Nonostante gli attacchi e le calunnie degli imperialisti, dei revisionisti e degli altri nemici della rivoluzione, l’opera e il nome di Stalin sono e rimangono immortali. Stalin era un grande rivoluzionario, un eminente teorico che si schiera a fianco di Marx, Engels e Lenin.
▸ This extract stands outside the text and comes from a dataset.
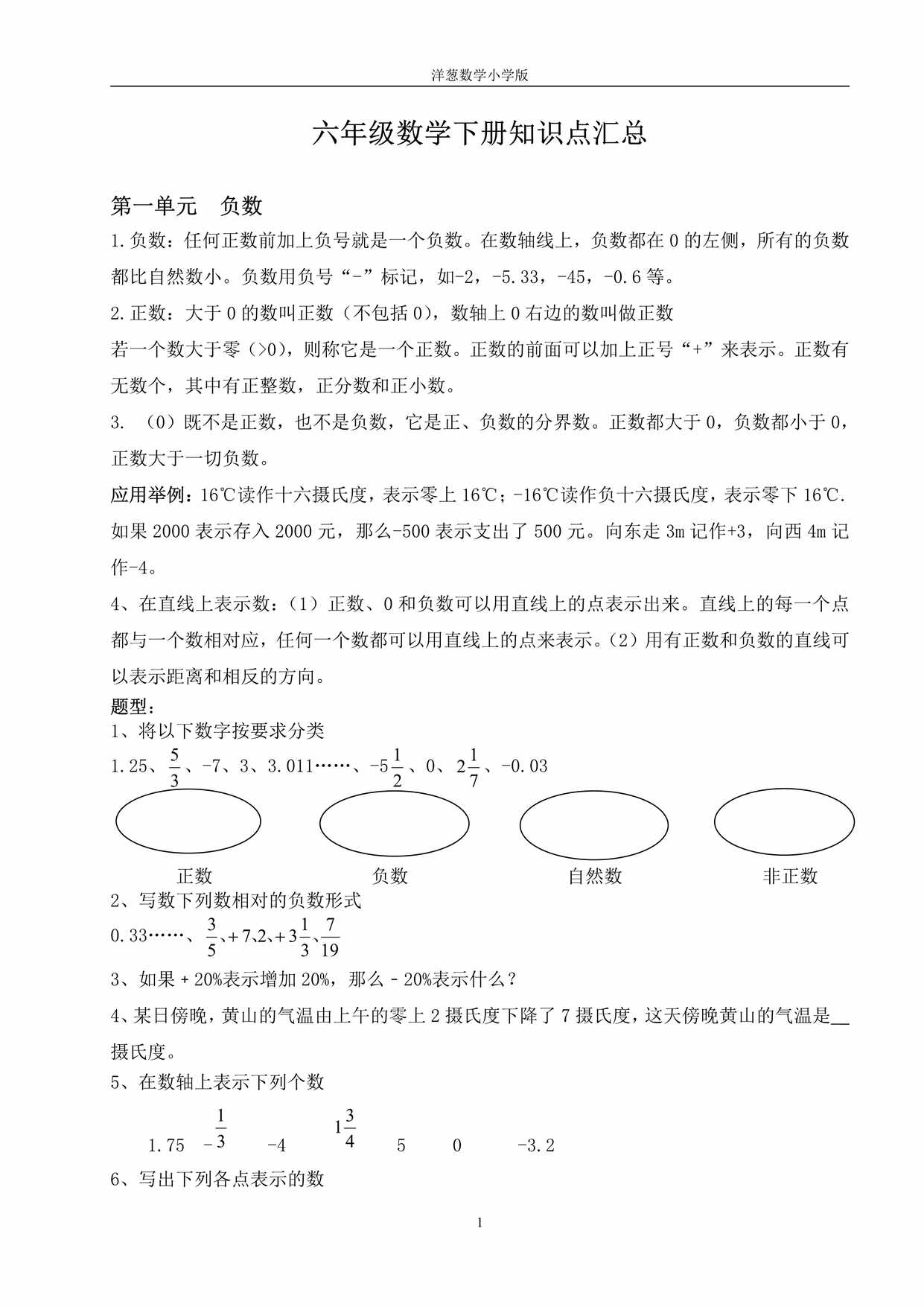 “人教版六年级数学下册知识点总结PDF”第1页图片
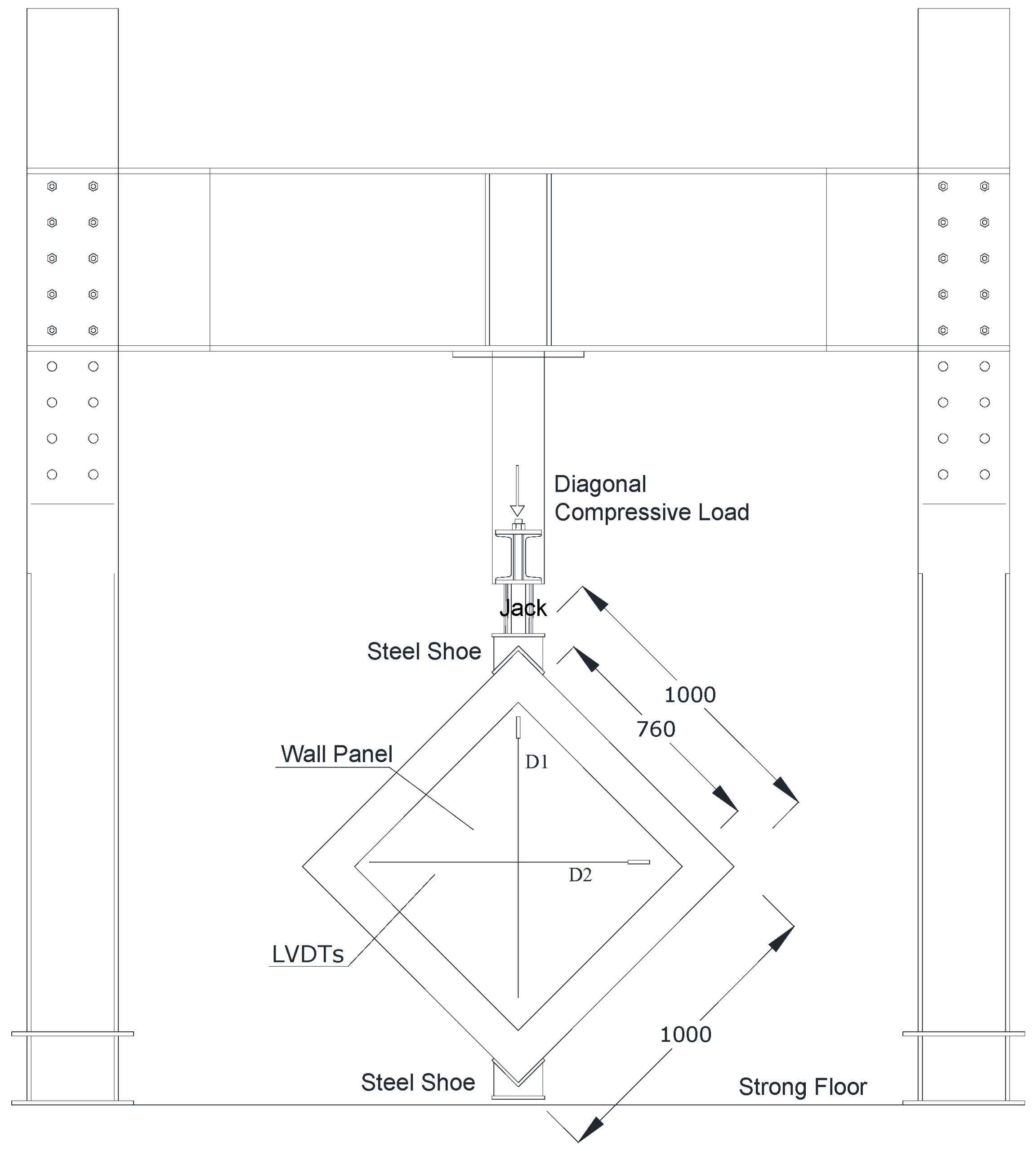 Diagonal compression test setup in accordance with ASTM E519-17: The hydraulic jack is positioned vertically on top of the upper steel shoe to apply compression along the wall’s diagonal.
La vita ha confermato e conferma ogni giorno la giustezza delle analisi e degli atteggiamenti del Partito del Lavoro d’Albania nei riguardi del re­visionismo kruscioviano. In Unione Sovietica il socialismo è stato distrutto e il capitalismo restau­rato. Mentre sull’arena internazionale gli atteggia­menti e le azioni della direzione sovietica hanno rivelato sempre più il carattere socialimperialista dell’Unione Sovietica, la sua ideologia reazionaria di grande potenza. Così, il revisionismo krusciovia­no è divenuto non solo l’ideologia della restaura­zione del capitalismo e del sabotaggio della rivo­luzione e della lotta di liberazione nazionale dei popoli, ma anche l’ideologia dell’agressione social­ imperialista.

Note :

1 - E. Browder. Teheran, Our Path in War and Peace, New York, 1944, p. 117.
2 - E. Browder. Teheran, Our Path in War and Peace, New York, 1944, p. 118.
3 - The Path to Peace, Progress and Prosperity, New York, 1944, pp. 47, 48.
4 - Politicai Affairs, ottobre 1956.
5 - The Path to Peace, Progress and Prosperity. New York, 1944, p. 21.
6 - E. Browder. Teheran, Our Path in War and Peace, New York, 1944, p. 128.
7 - E. Browder. Teheran, Our Path in War and Peace. New York, 1944, p. 26.
8 - J. Service. Lost Chance in China, New York, 1974, p. 195.
9 - J. Service. Lost Chance in China, New York, 1974, p. 198.
10 - J. Service. Lost Chance in China, New York, 1974, p. 303.
11 - Ibidem, p. 307.
12 - E. Kardelj. Gli indirizzi di sviluppo del sistema politico di autogestione socialista. Rilindja, Prishtine, 1978, p. 235.